## DATA SHOWN
Start of Block
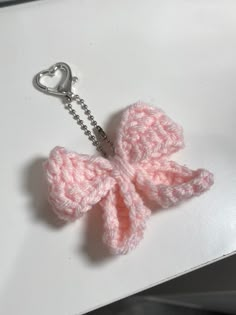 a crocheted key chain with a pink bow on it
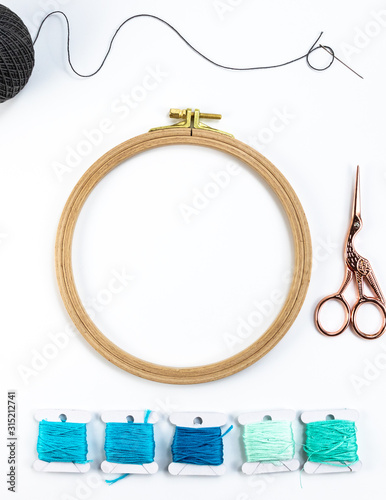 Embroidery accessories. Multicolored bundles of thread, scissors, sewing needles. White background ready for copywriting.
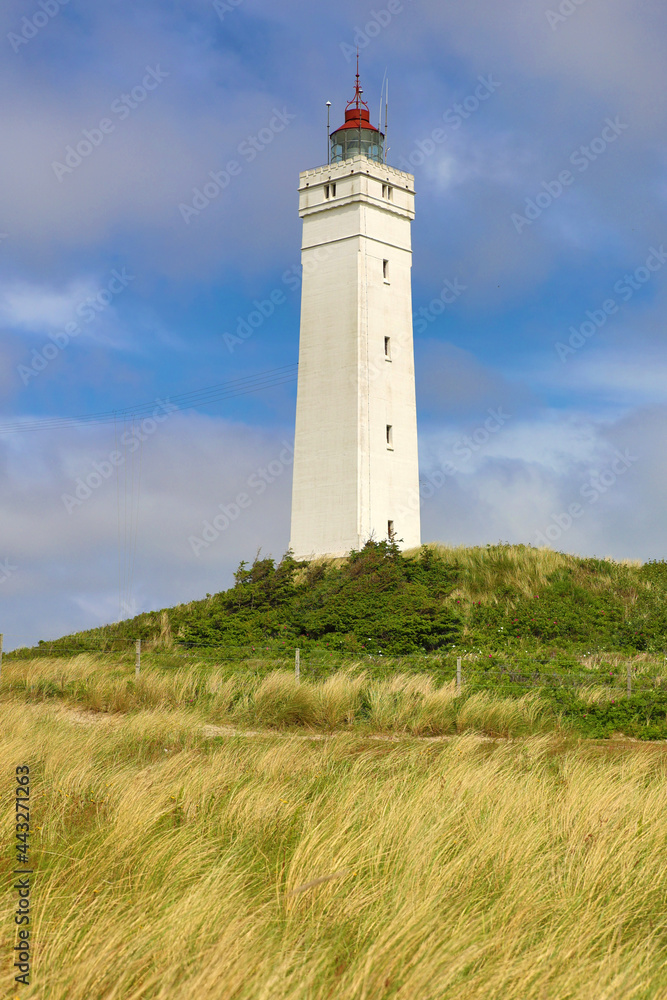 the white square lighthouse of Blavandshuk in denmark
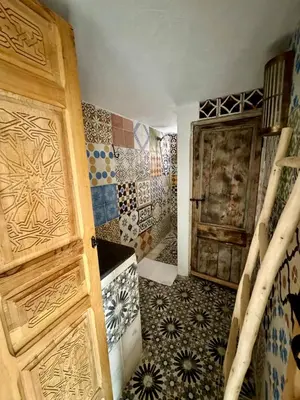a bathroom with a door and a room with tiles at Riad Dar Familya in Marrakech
End of Block
Start of Block
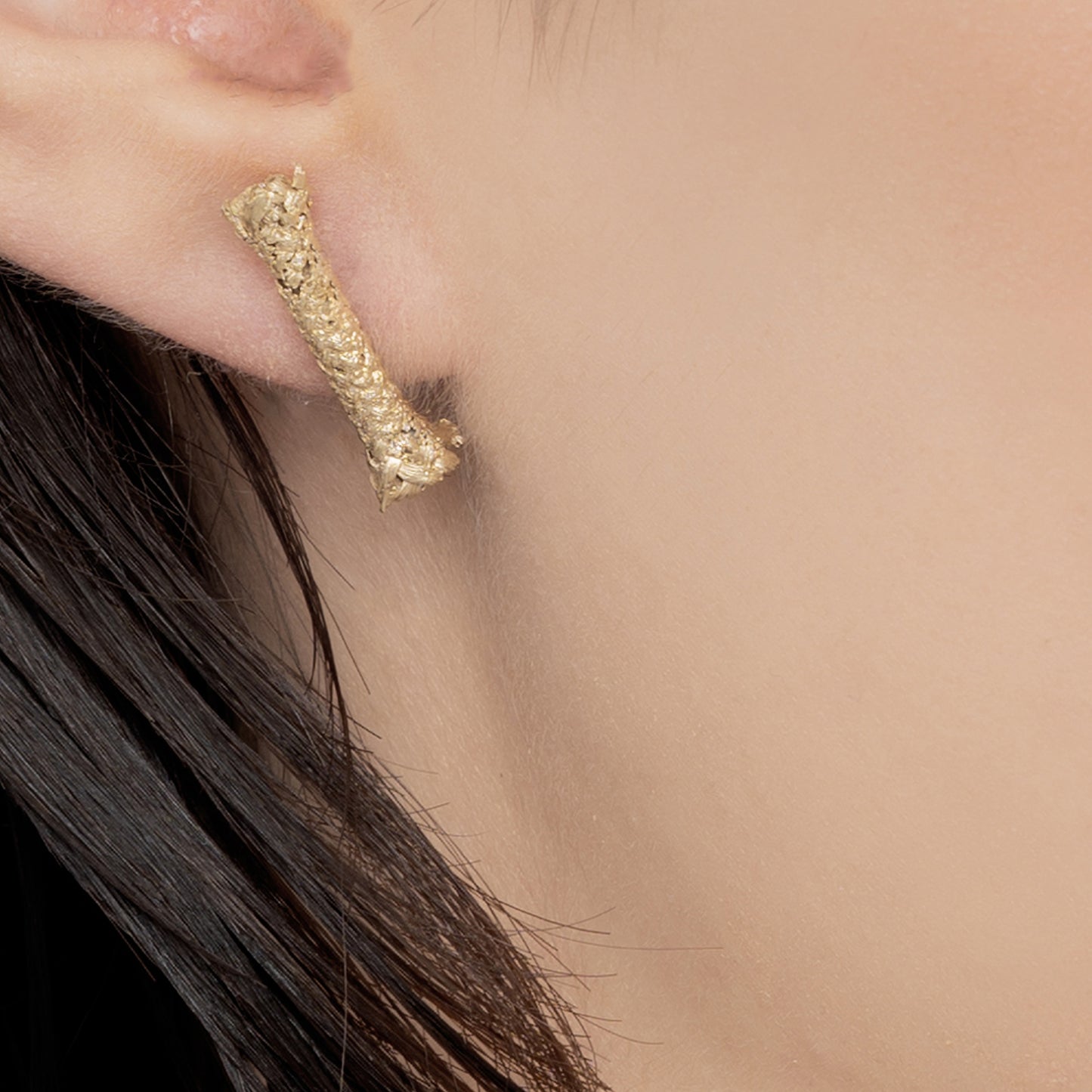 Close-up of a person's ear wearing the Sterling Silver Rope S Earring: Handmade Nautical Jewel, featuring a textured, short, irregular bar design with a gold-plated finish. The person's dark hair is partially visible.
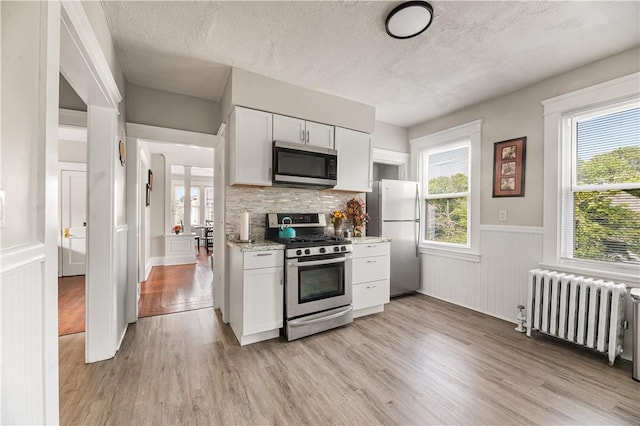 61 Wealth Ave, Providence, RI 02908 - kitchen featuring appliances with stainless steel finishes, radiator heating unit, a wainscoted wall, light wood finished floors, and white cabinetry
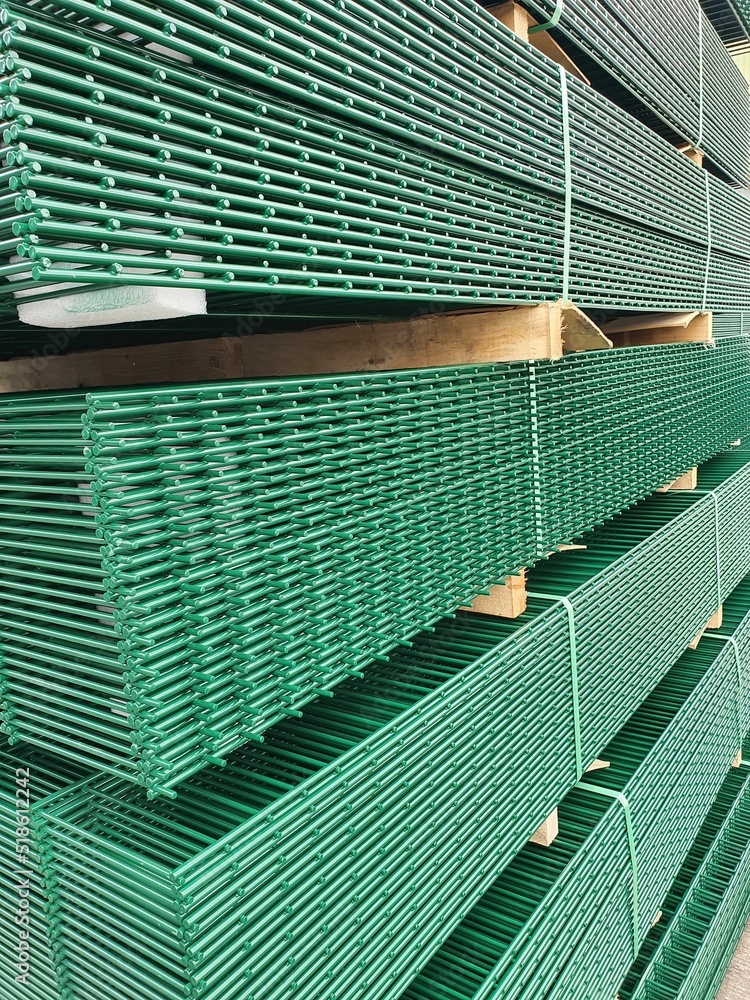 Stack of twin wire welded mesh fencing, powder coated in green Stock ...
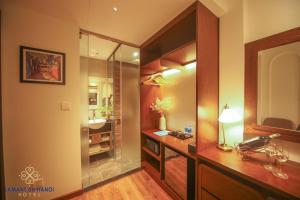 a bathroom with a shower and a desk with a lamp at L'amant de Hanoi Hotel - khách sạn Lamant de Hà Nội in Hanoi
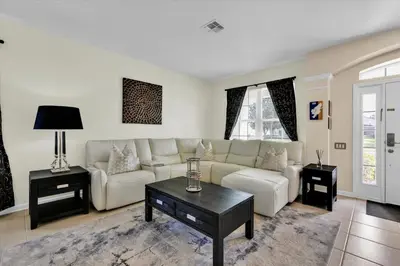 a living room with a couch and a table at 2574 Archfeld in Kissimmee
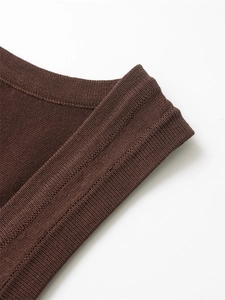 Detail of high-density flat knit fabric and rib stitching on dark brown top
End of Block
Start of Block
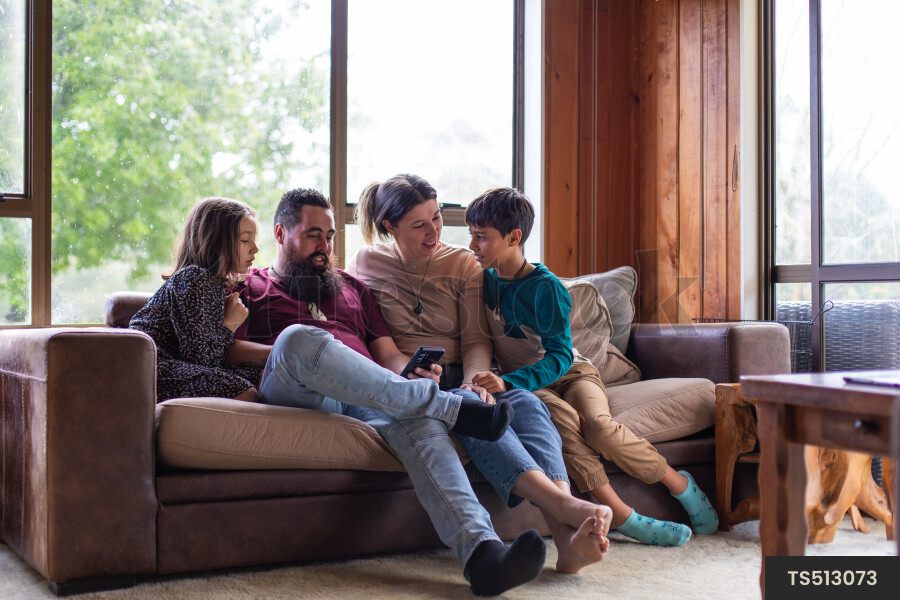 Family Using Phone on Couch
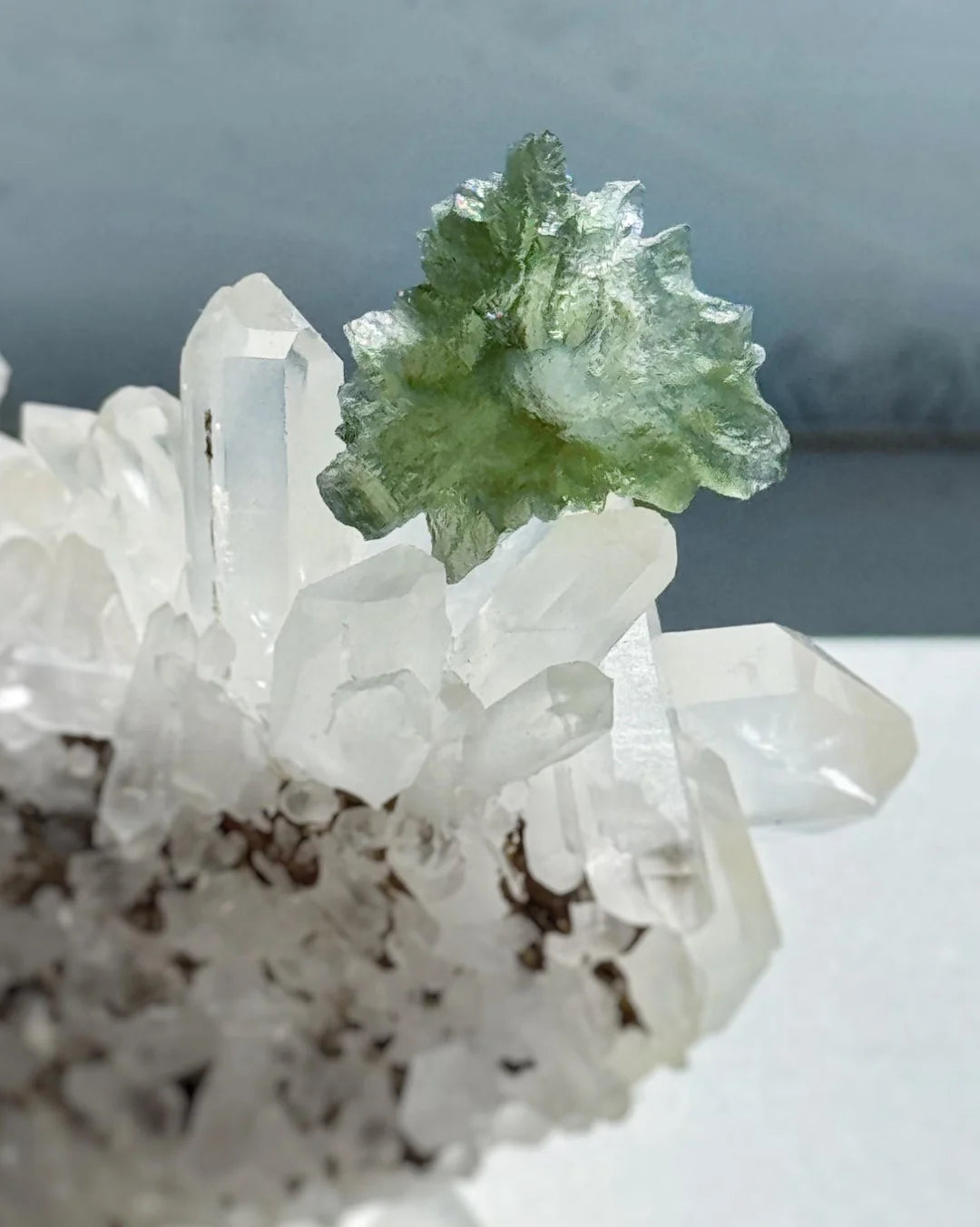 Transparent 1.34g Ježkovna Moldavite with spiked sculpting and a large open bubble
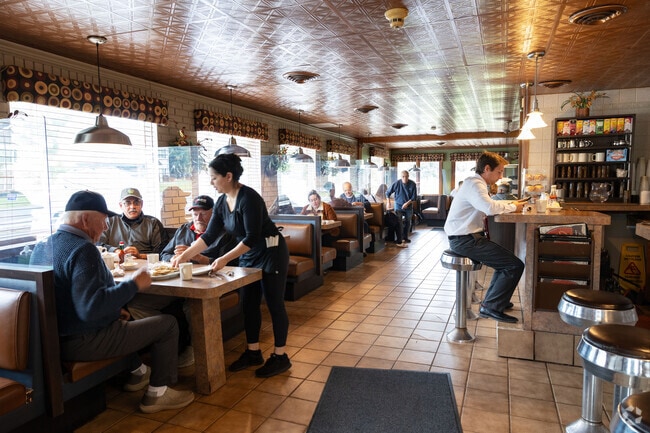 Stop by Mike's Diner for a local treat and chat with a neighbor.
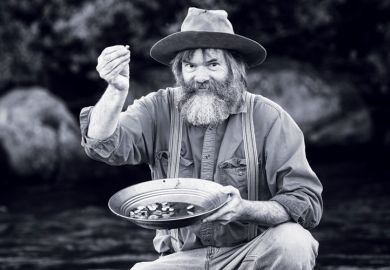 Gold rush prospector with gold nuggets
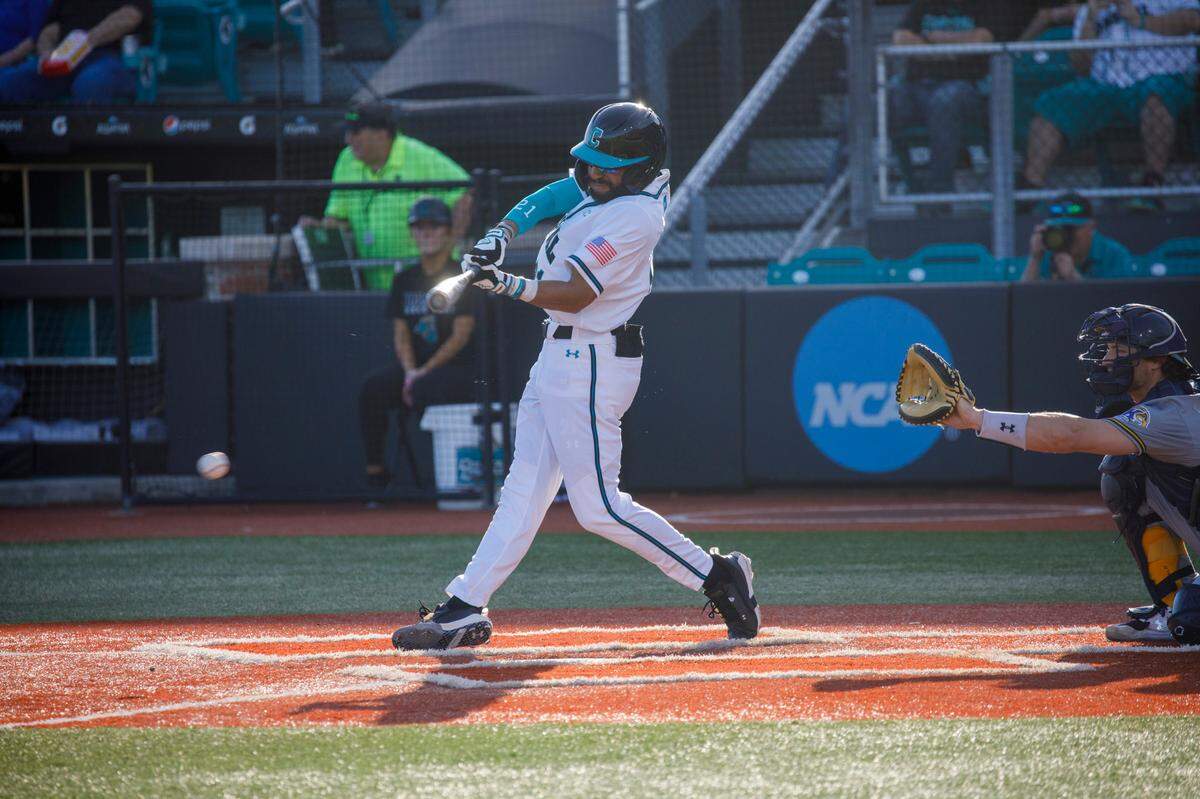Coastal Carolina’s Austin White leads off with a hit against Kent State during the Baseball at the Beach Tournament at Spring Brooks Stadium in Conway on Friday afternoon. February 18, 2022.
End of Block
## THE TASK
Copy exactly the lines of the listing above between the one holding "a bathroom with a shower" and the one holding "Detail of high-density", inclusive; omit all pictures.

## RESPONSE AREA
 a bathroom with a shower and a desk with a lamp at L'amant de Hanoi Hotel - khách sạn Lamant de Hà Nội in Hanoi
 a living room with a couch and a table at 2574 Archfeld in Kissimmee
 Detail of high-density flat knit fabric and rib stitching on dark brown top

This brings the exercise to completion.